(Problem description) Would you reproduce exactly, and only, the lines starting at the one with "重庆篮球队战术创新引领潮流助力球队崛起与发展" and ending at the last line of the data, with both included? Leave the pictures out.

(Information supplied)
----

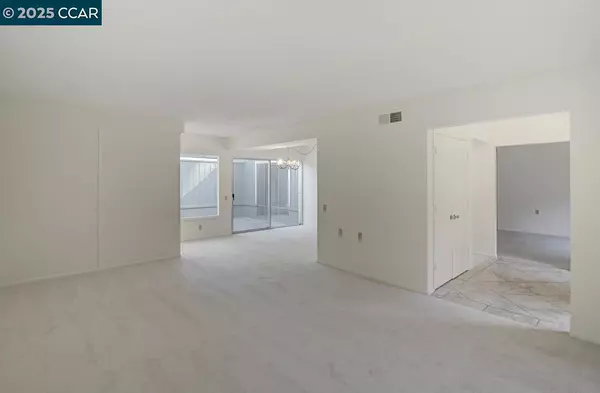 Walnut Creek, CA 94595,1137 Stanley Dollar Dr 5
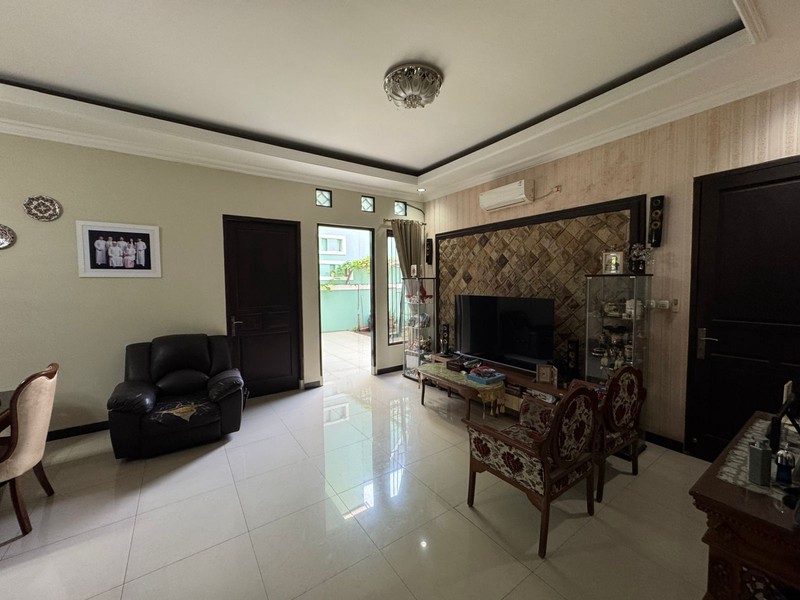 Dijual cepat rumah siap huni Mahakam Residen 1 Jagakarsa - Jakarta Selatan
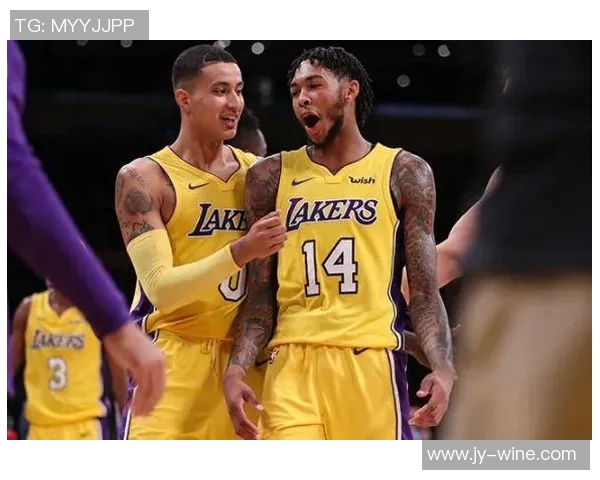 重庆篮球队战术创新引领潮流助力球队崛起与发展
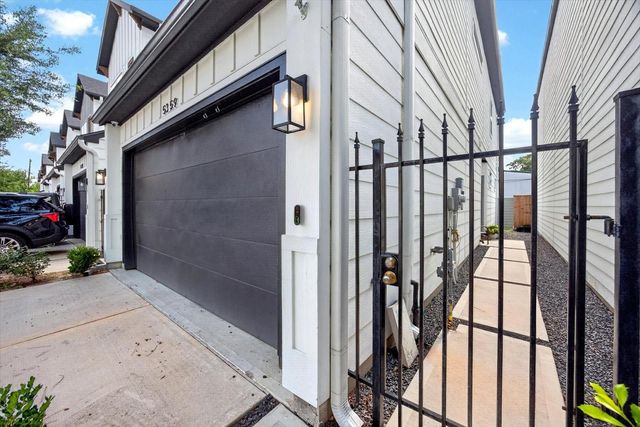 5359 Creekmont Oaks Lane, Houston, TX 77091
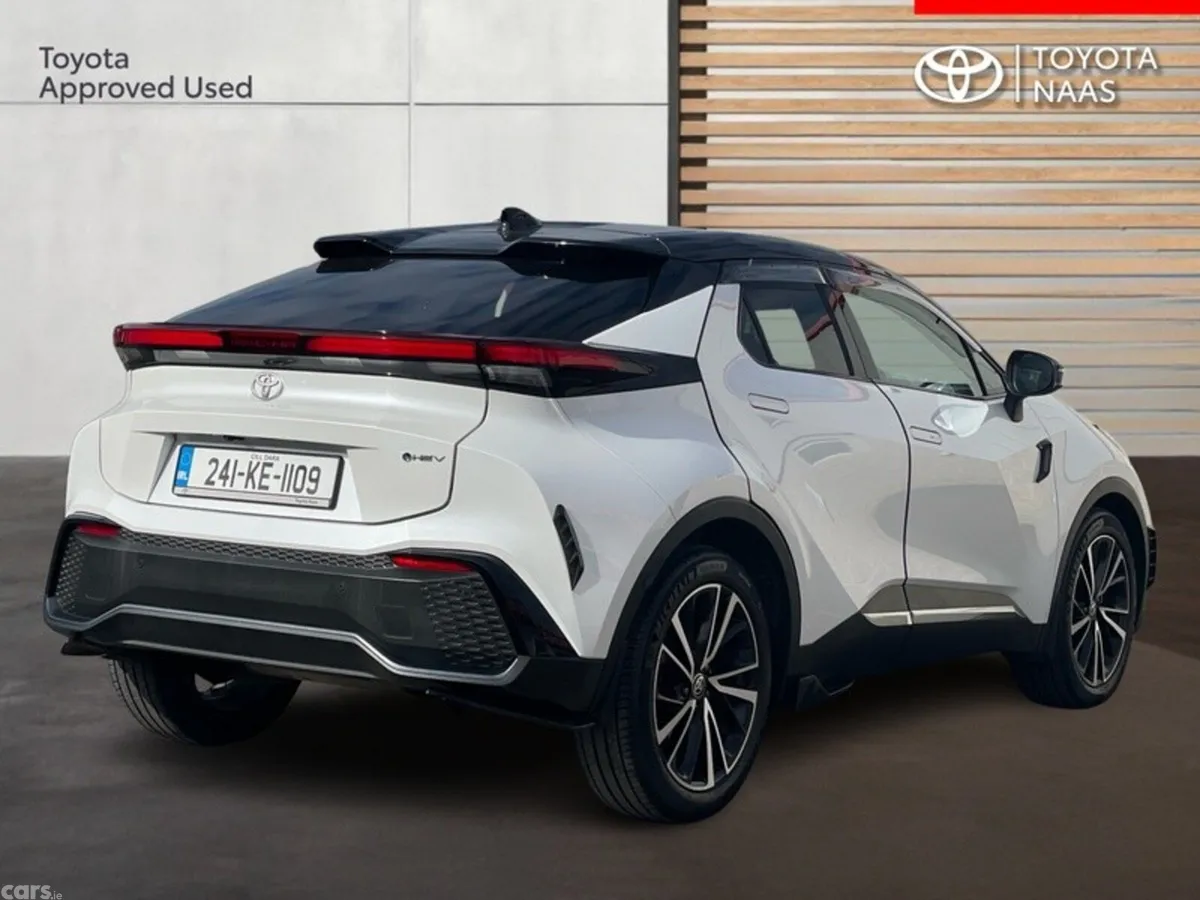 Toyota C-HR SUV, Petrol Hybrid, 2024, White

----

(Written answer)
 重庆篮球队战术创新引领潮流助力球队崛起与发展
 5359 Creekmont Oaks Lane, Houston, TX 77091
 Toyota C-HR SUV, Petrol Hybrid, 2024, White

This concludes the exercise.